X-Reflex-Policy-Slot: a
X-Reflex-Model-Version: pi0-libero-v1@<hash>
X-Reflex-Routing-Key: ep_xyz
X-Reflex-Routing-Degraded: false

Error responses

{
  "error": "queue_full",
  "message": "policy runtime queue at capacity",
  "policy_id": "prod",
  "max_queue": 1000
}

Status codes:

Code	Meaning
200	Success
400	Malformed request (missing field, wrong type, image decode failure)
422	Schema-valid but semantically invalid (e.g. state length doesn’t match embodiment)
503	Server unavailable (warming up, queue full, SLO violation, circuit breaker tripped)
500	Internal error (model crashed; check `/health` and the audit log)

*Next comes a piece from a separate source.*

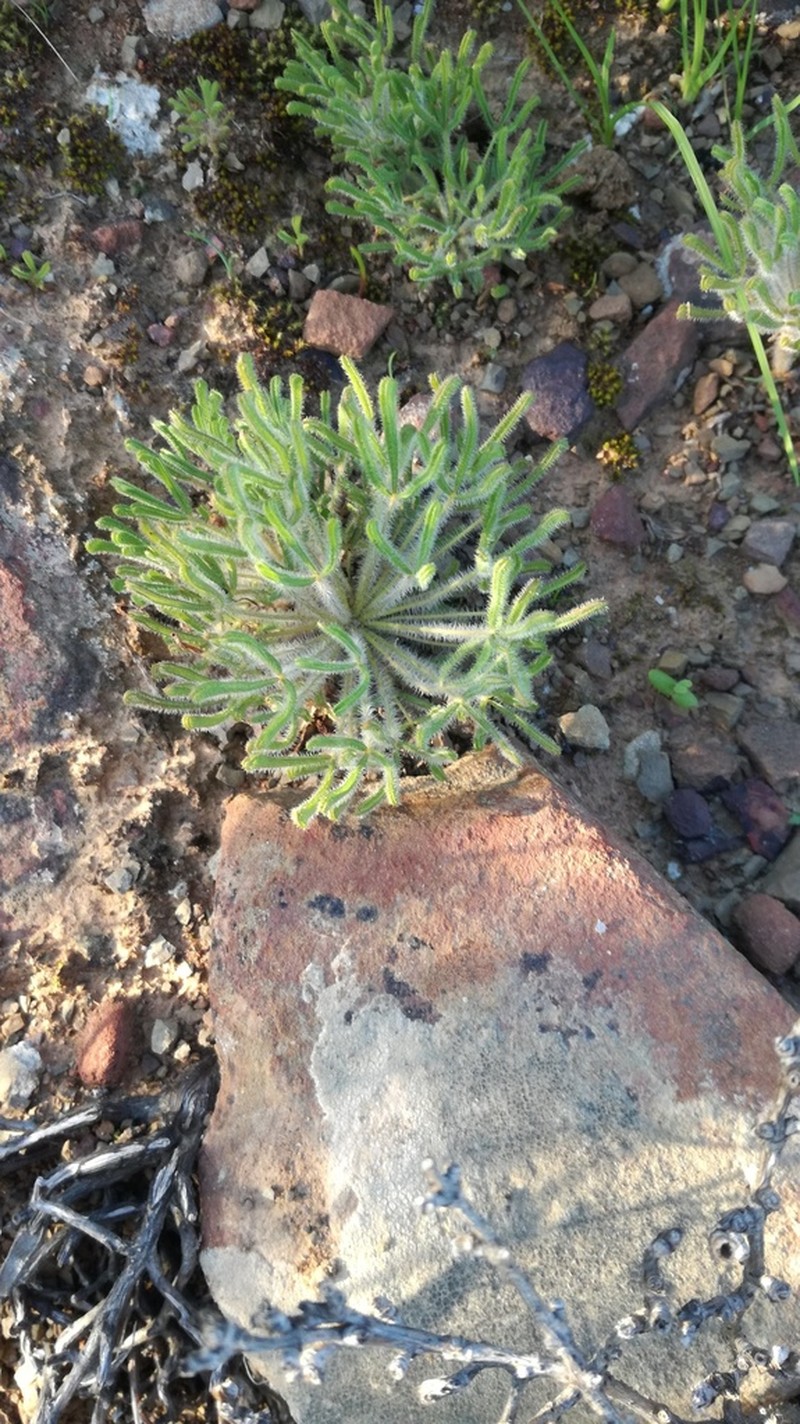 Oxalis pillansiana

503 always carries Retry-After indicating when to retry.

GET /health

curl http://localhost:8000/health

{
  "status": "ready",
  "model_loaded": true,
  "model_version": "pi0-libero-v1@7a8b3c1d",
  "inference_mode": "onnx_trt_fp16",
  "uptime_seconds": 1245,
  "robot_id": "warehouse-01",
  "cuda_graphs_active": true
}

status is one of:

warming — first cold-start (10-70 sec). Returns HTTP 503.
ready — operational. HTTP 200.
degraded — circuit breaker tripped or both 2-policy slots failed. HTTP 503.

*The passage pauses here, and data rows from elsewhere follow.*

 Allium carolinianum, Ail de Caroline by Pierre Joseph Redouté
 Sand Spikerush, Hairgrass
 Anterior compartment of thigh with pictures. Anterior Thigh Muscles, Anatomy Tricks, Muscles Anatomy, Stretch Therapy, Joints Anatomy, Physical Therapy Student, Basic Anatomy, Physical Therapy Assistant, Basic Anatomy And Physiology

Load balancers should treat 503 as “skip this instance” — Reflex never returns 503 for transient single-request failures, only durable instance state.

GET /config

Returns the saved reflex_config.json from the loaded export. Useful for verifying which model + embodiment + version is actually serving.

GET /metrics

Prometheus exposition format. Scrape interval: 15 seconds is typical.

Key metrics:

Metric	Type	Labels
`reflex_act_latency_seconds`	Histogram	`embodiment`, `policy_slot`, `inference_mode`
`reflex_act_total`	Counter	`embodiment`, `status`
`reflex_guard_clamped_total`	Counter	`embodiment`
`reflex_cache_hit_total` / `reflex_cache_miss_total`	Counter	`embodiment`, `policy_slot`
`reflex_in_flight_requests`	Gauge	`policy_slot`
`reflex_robot_info`	Gauge	`robot_id`, `embodiment`, `model_id`
`reflex_slo_violations_total`	Counter	`embodiment`, `kind`

CORS

Default: Access-Control-Allow-Origin: * (open). Override with --cors-origins https://app.example.com for restricted origins. CORS is on for browser-based control loops; never disable in non-browser deploys.

Client SDK

Python client is provided:

from reflex.client import ReflexClient

with ReflexClient("http://localhost:8000") as client:
    with client.episode() as ep:
        result = ep.act(image=numpy_frame, state=[0.1, 0.2, ...])
        print(result["actions"])

The client handles 503 retries, episode_id management, and image base64 encoding. Other languages: just use any HTTP client; the wire format is plain JSON.